All episodes are listed in order of appearance in The Ultimate Nursery Rhymes Video VHS release.

| No. | Title |
| 1 | "Mary Mary Quite Contrary" |
Mary Giraffe and Buzz Tiger engage in shenanigans in a garden wherein they are chased by a bee and ultimately push Tom Cat into a well.
| 2 | "The House that Jack Built" |
Jack Pig builds a house from oversized toy building blocks, around which various events occur.
| 3 | "Hey Diddle Diddle" |
Melody Moo jumps over the moon and crashes into Yellow Dog's house, sending him flying into space. Roland Turtle helps him get back down.
| 4 | "Star Light, Star Bright" |
In a direct sequel to Hey Diddle Diddle, Yellow Dog and Roland Turtle are sent back into space by a waiter penguin.
| 5 | "It's Raining, It's Pouring" |
One of Yankee Doodle's dumbbells falls on his head, leading Mrs. Doodle to call Al E. Gator (called Dr. Foster in this episode).
| 6 | "Tom Tom the Piper's Son" |
Tom Cat gets caught stealing a pig-shaped bun from Baby Pig and later steals jam tarts from Queen Duck.
| 7 | "Old King Cole" |
Three penguin fiddlers perform for King Crow, who orders Polly to make him tea.
| 8 | "Poor Old Robinson Crusoe" |
Buzz Tiger plants a "little nut tree" bearing only a silver nutmeg and a golden pear. He gets stranded on a small island and rescued by Blue Hippo and Brian Lion in the Rub-a-Dub-Dub tub.
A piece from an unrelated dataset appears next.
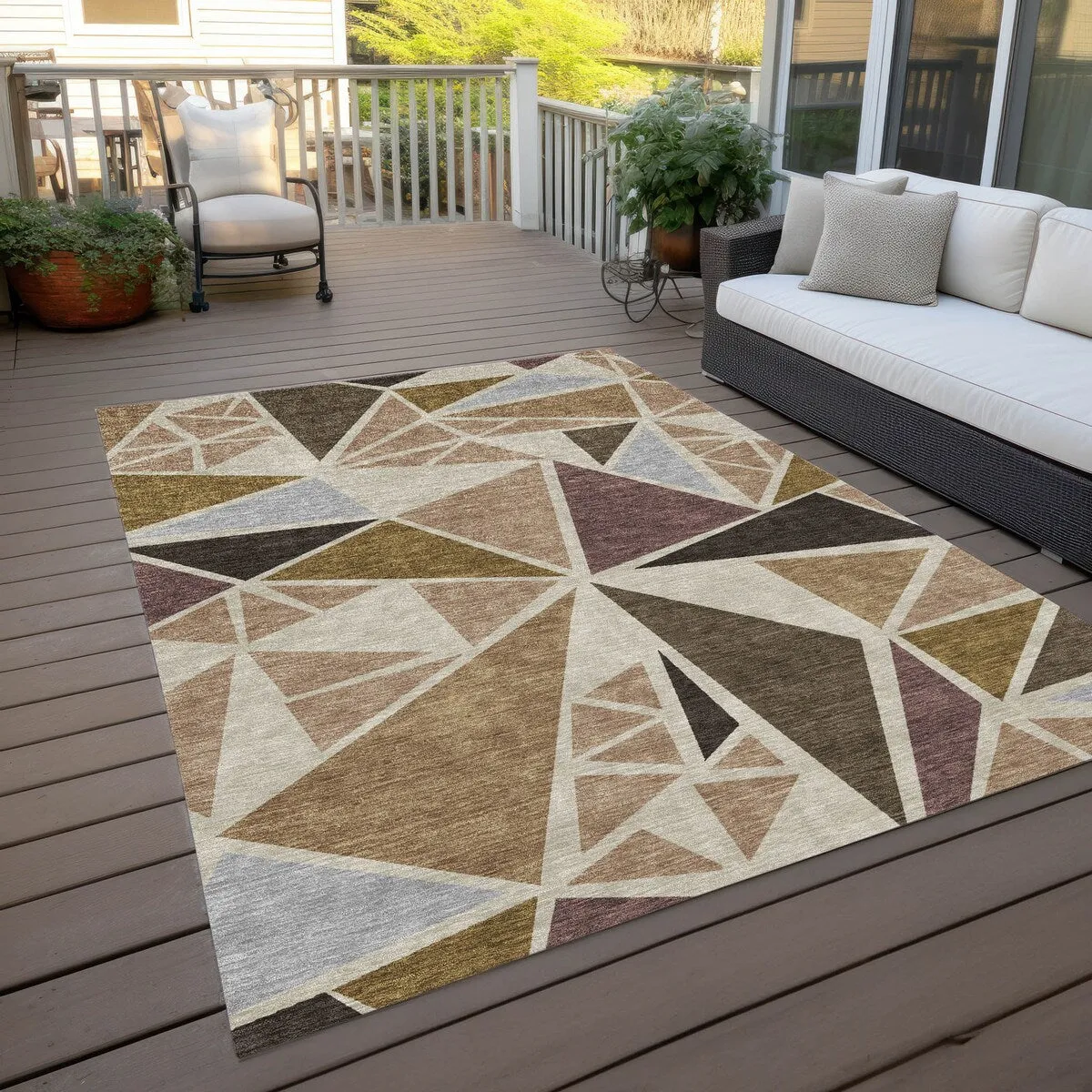 Machine Washable Indoor/ Outdoor Abstract Mosaic Chantille Rug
| 9 | "Three Men in a Tub" |
The three mice are chased out of and around the tub by Mother Goose, who pulls the plug flushing down the mice. The mice arrive at the shores of a river and chase Pat Cat around. When he falls into the ocean, one mouse catches fish before fishing Pat out on the shore.
| 10 | "Little Bo Peep" |
Bo Peep tries desperately to retrieve Baa Sheep. Blue Hippo falls asleep and dreams of bells arguing and being pursued by an evil, hatchet-wielding version of Bo Peep.
| 11 | "Yankee Doodle" |
While riding on the Hobby Horse, Yankee Doodle encounters Olga Ostrich dancing on Ned the Horse's back. Ned steals Olga's shoe and breaks Al E. Gator's fiddle stick.
| 12 | "Incy Wincey Spider" |
Quincy Spider scares Olga Ostrich away from the egg she was sitting on, which he draws a face on. The egg sprouts legs, becoming Humpty Dumpty.
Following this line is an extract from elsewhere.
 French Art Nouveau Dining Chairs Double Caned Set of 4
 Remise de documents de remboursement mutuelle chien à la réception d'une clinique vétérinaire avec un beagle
| 13 | "A Wise Old Owl/I Had a Cat" |
In the show's longest episode, Barney Owl tries to sleep but is constantly interrupted by the noise of children playing. He chases the children back into their beds and retreats back into his baby carriage at the top of his tree, only to fall out of the tree where the carriage rolls and hits Roland Turtle, and he exclaims "now I know why owls don't sleep at night". Later, he, along with Pat Cat and a multitude of other characters, perform a rousing rendition of "I Had a Cat".
| 14 | "Jack and Jill" |
Elsie Pig gets overwhelmed by household chores. Feeling pity for her, Jack and Jill climb a hill to get water to clean the floor.
| 15 | "The Grand Old Duke of York" |
Tom Cat's incessant pipe-playing sets off King Crow after the former blows off the King's crown with his pipe, leading the King to pursue Tom with an army of penguins.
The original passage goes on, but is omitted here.